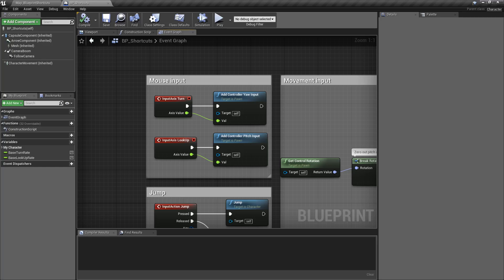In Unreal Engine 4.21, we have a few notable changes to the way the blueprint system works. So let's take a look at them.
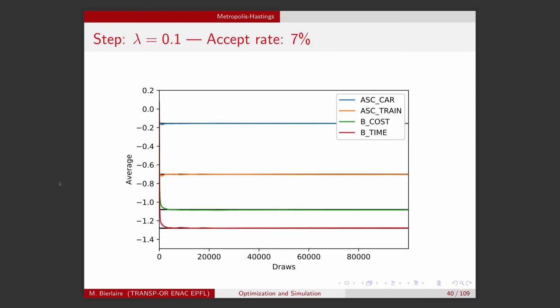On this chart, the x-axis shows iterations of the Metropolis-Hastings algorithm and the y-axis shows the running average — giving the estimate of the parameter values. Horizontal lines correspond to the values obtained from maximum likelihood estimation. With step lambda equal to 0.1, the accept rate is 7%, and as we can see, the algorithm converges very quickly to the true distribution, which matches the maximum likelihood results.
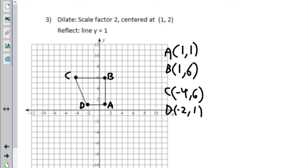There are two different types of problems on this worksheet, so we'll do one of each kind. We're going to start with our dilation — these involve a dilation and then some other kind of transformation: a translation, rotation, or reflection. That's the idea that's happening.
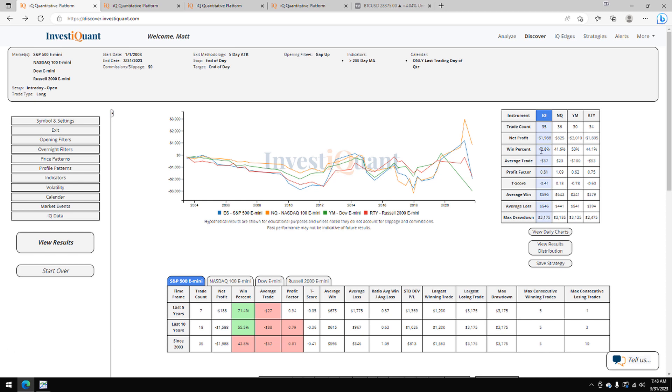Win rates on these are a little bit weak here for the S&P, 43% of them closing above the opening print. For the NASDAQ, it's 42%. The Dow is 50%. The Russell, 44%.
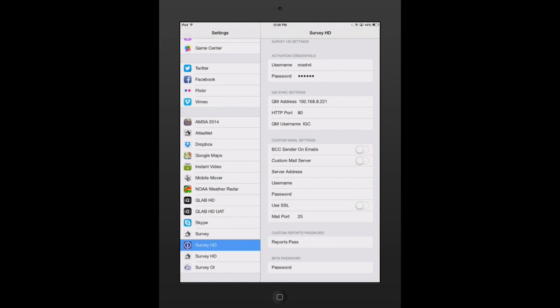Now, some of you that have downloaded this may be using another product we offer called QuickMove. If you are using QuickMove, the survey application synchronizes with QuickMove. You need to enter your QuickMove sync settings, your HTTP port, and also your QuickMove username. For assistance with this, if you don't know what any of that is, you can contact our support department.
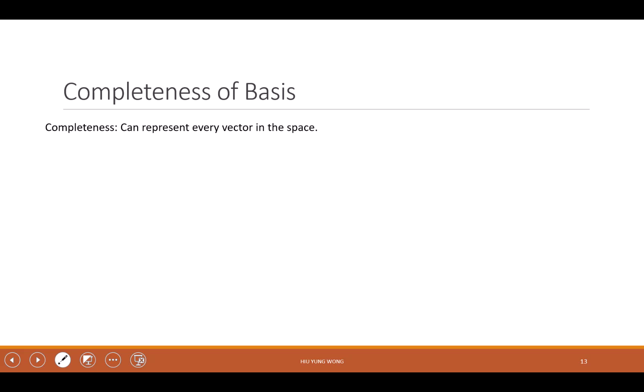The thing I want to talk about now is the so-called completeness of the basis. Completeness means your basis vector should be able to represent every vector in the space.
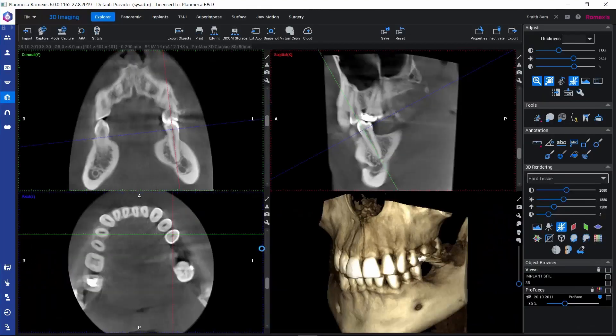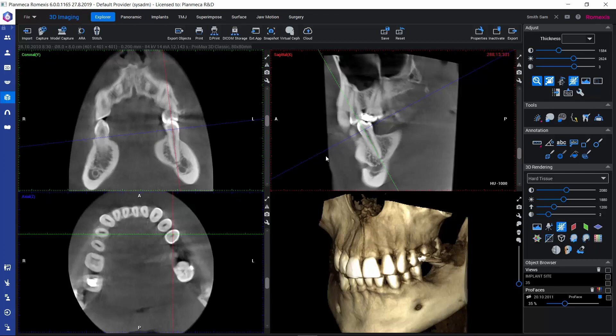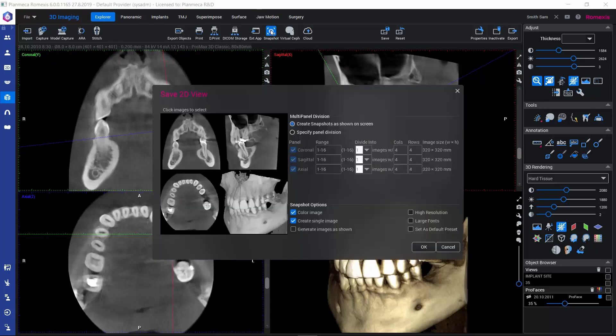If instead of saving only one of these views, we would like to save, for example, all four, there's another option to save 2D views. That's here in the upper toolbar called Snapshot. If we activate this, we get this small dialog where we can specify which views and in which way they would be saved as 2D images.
•••••
**EXERCISE GOAL:** Give back, exactly as written, the lines from the top of the material above to the line containing "On this chart, the", both included; skip every picture.

**ANSWER TO THIS EXERCISE:**
In Unreal Engine 4.21, we have a few notable changes to the way the blueprint system works. So let's take a look at them.
On this chart, the x-axis shows iterations of the Metropolis-Hastings algorithm and the y-axis shows the running average — giving the estimate of the parameter values. Horizontal lines correspond to the values obtained from maximum likelihood estimation. With step lambda equal to 0.1, the accept rate is 7%, and as we can see, the algorithm converges very quickly to the true distribution, which matches the maximum likelihood results.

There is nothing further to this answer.